Concentration Terms:

• Molarity (M): mol solute/L solution
• Molality (m): mol solute/kg solvent
• Mole fraction (x): mol component/total mol
• Mass percentage: (mass solute/mass solution) × 100
• Parts per million (ppm): mg solute/kg solution (for dilute aqueous)
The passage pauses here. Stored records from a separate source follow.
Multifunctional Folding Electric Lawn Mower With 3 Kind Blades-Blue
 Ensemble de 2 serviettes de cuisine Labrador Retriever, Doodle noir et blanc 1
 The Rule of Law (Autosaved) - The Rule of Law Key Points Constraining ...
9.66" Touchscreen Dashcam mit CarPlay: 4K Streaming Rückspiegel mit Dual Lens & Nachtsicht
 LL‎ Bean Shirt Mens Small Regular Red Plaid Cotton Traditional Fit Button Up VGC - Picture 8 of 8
Raoult’s Law: P_solution = x_solvent × P°_solvent P_solution = x₁P°₁ + x₂P°₂ (for two components) Deviation: Positive (N₂O, HCl) or Negative (CHCl₃ + C₆H₆)

Ideal vs Real Solutions:

• Ideal: Follows Raoult’s law at all concentrations
• Real: Positive or negative deviations
• Positive deviation → A−B interactions weaker than A−A, B−B
• Negative deviation → A−B interactions stronger than A−A, B−B

Key Formulas:

• Molarity (M) = (Mass × 1000) / (Molar mass × V_mL)
• Mole fraction (x₁) = n₁/(n₁ + n₂)
• m = (Mass solute/M_solute) / (Mass solvent/1000)

⚡ Exam Tip: When a question gives mass of solute and mass of solvent, molality (m) is often easier to use than molarity since molality is independent of temperature. Molarity changes with temperature (volume changes) but molality doesn’t.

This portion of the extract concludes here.